In reply to: Namhyung Kim: "[PATCHSET 0/9] perf: Improve cgroup profiling (v2)"
Next in thread: Peter Zijlstra: "Re: [PATCH 1/9] perf/core: Add PERF_RECORD_CGROUP event"
Messages sorted by: [ date ] [ thread ] [ subject ] [ author ]

To support cgroup tracking, add CGROUP event to save a link between
cgroup path and inode number. The attr.cgroup bit was also added to
enable cgroup tracking from userspace.

This event will be generated when a new cgroup becomes active.
Userspace might need to synthesize those events for existing cgroups.

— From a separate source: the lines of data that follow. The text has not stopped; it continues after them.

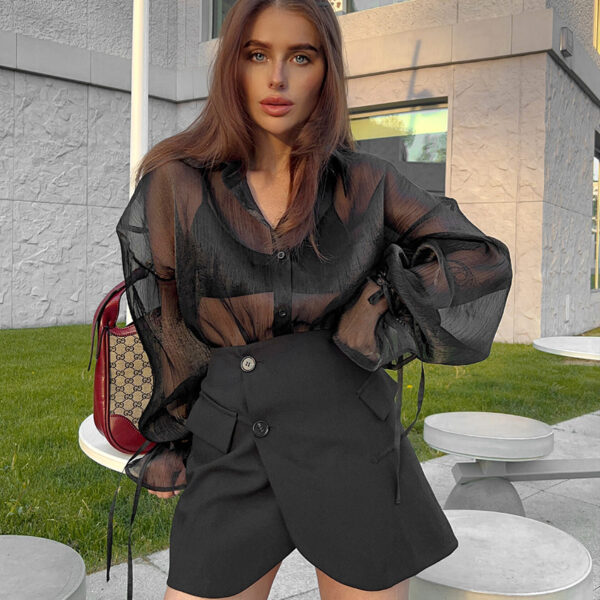 Glamorous Black Mesh Collared Puff Sleeve Top
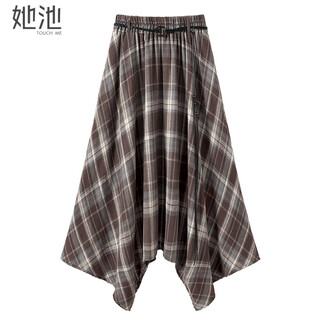 She pool irregular plaid skirt women's 2025 autumn new style a-line high waist mid-length plaid skirt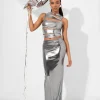 Discount Cut Out Crop Top Co Ord in Metallic Co-ords | Tops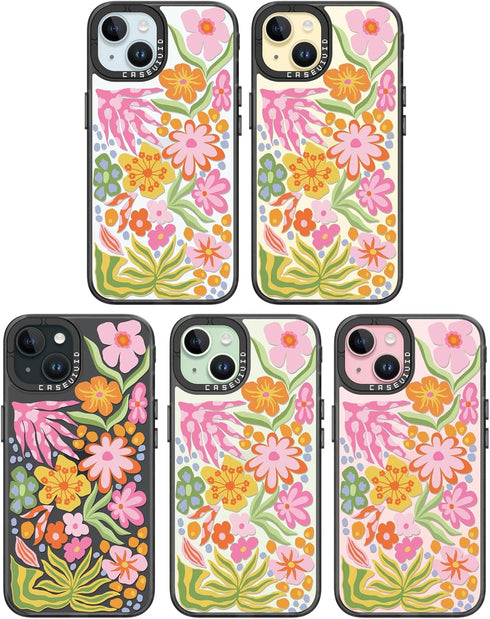 Cute Aesthetic iPhone 15 Case - Durable Girly Passion Flower Print Cover for Women, 6.1 inches, Black.
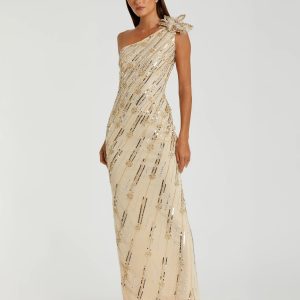 Gold Embellished Floral Detail One Shoulder Gown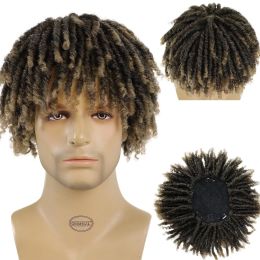 Pruiken 6 inch korte dreadlock pruiken synthetische gevlochten halve pruik korte haarstukken haartoepie afro pruiken voor mannen zwarte vrouwen pruik bruin mix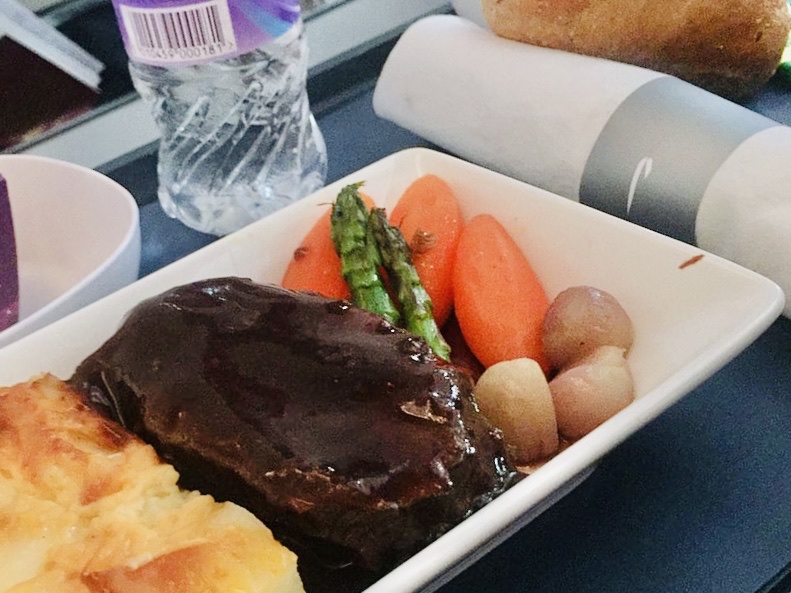 BA Premium Economy in-flight meal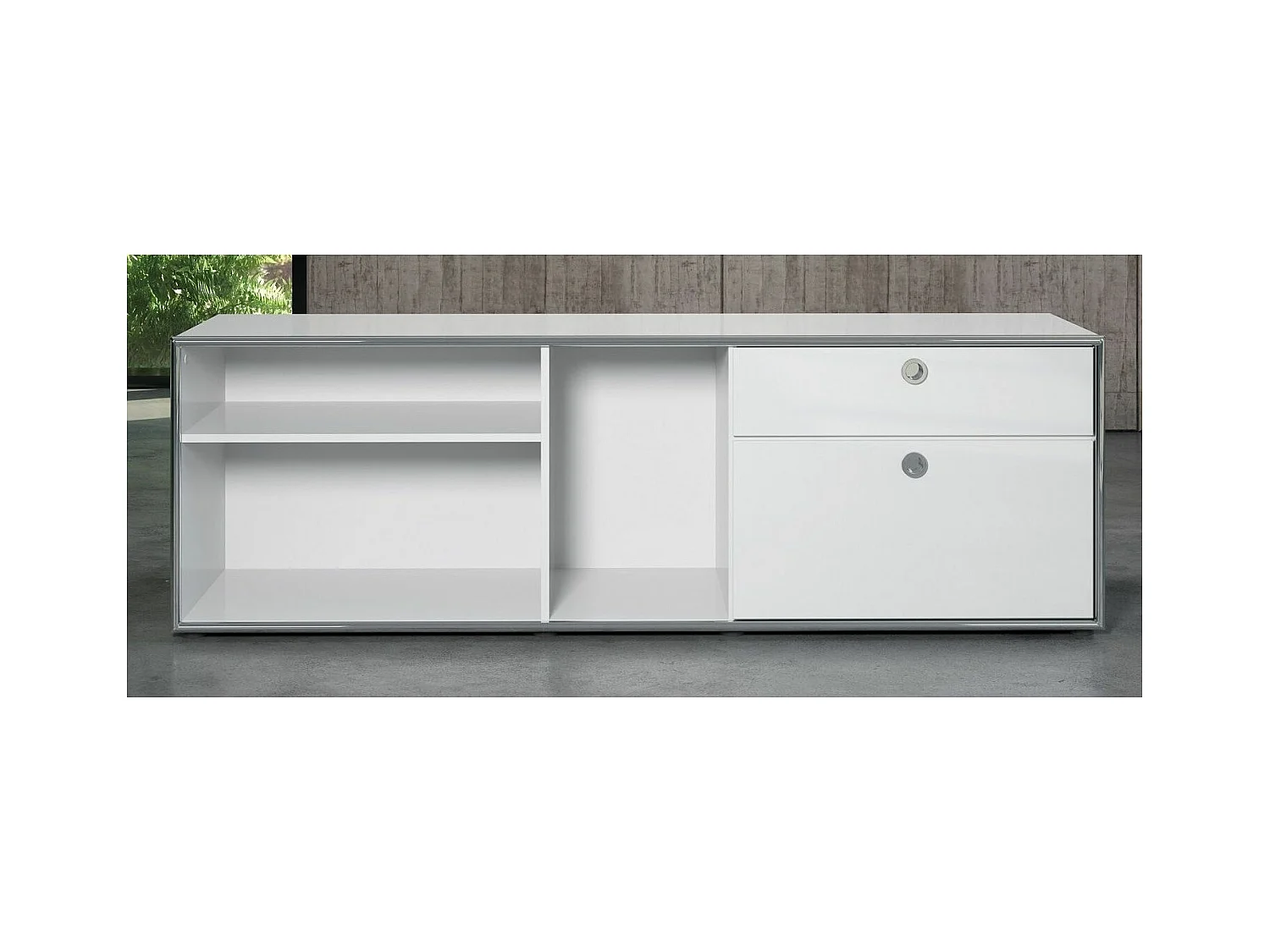Buffet bois MDF blanc 1 volet 1 tiroir Irma L 183cm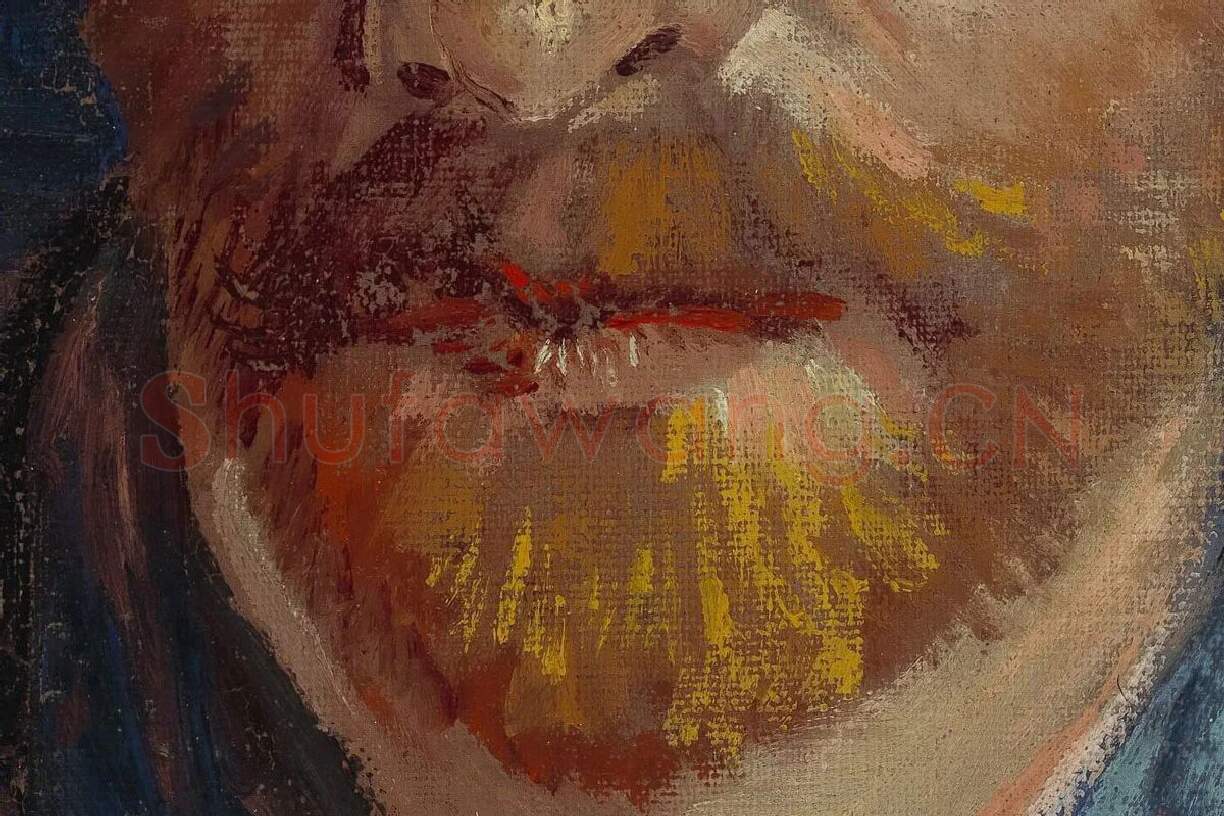 梵高油画头像作品《自画像》局部 (2)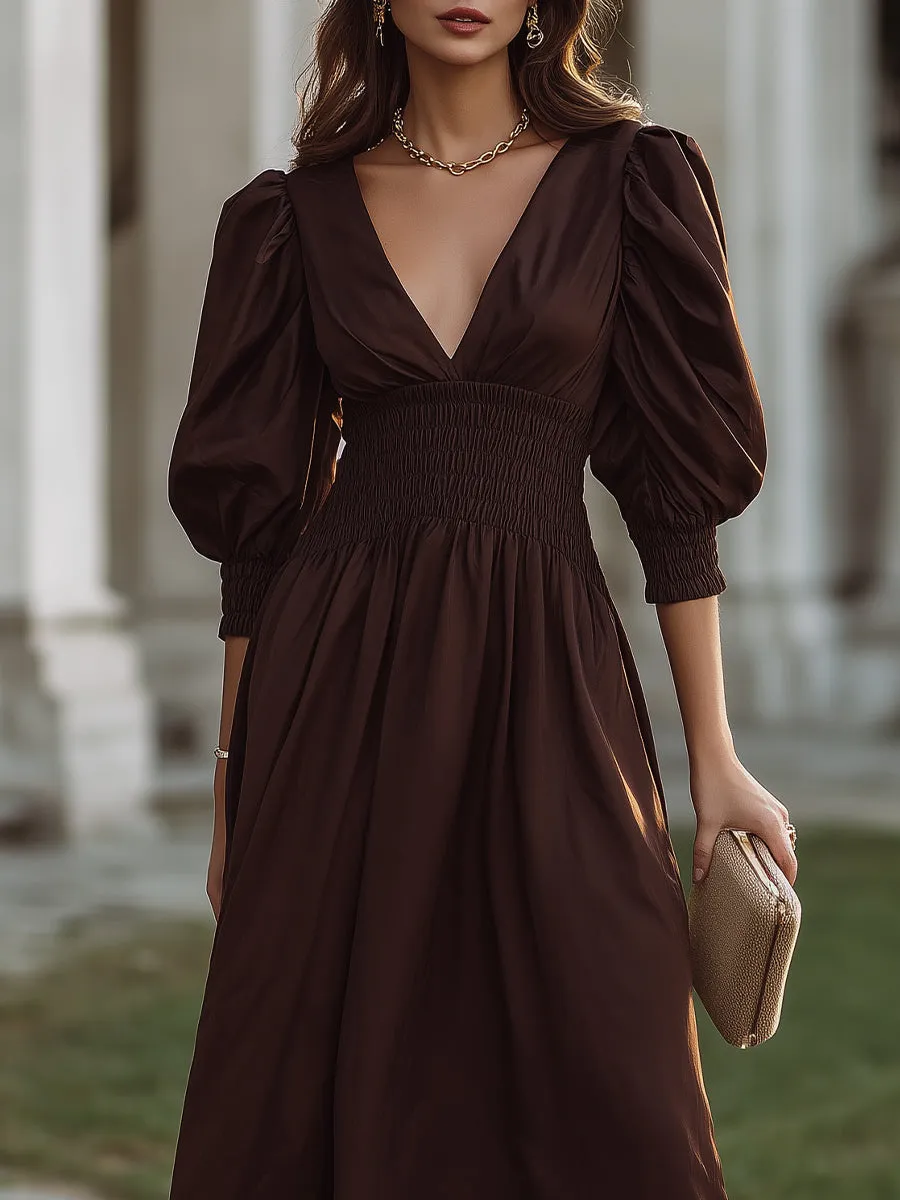 Smocked Waist V-Neck Midi Dress sold by Mooyius product image thumbnail 3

Cc: Tejun Heo <tj@xxxxxxxxxx>
Cc: Li Zefan <lizefan@xxxxxxxxxx>
Cc: Johannes Weiner <hannes@xxxxxxxxxxx>
Cc: Adrian Hunter <adrian.hunter@xxxxxxxxx>
Signed-off-by: Namhyung Kim <namhyung@xxxxxxxxxx>
---
include/uapi/linux/perf_event.h | 14 +++-
kernel/events/core.c | 112 ++++++++++++++++++++++++++++++++
2 files changed, 125 insertions(+), 1 deletion(-)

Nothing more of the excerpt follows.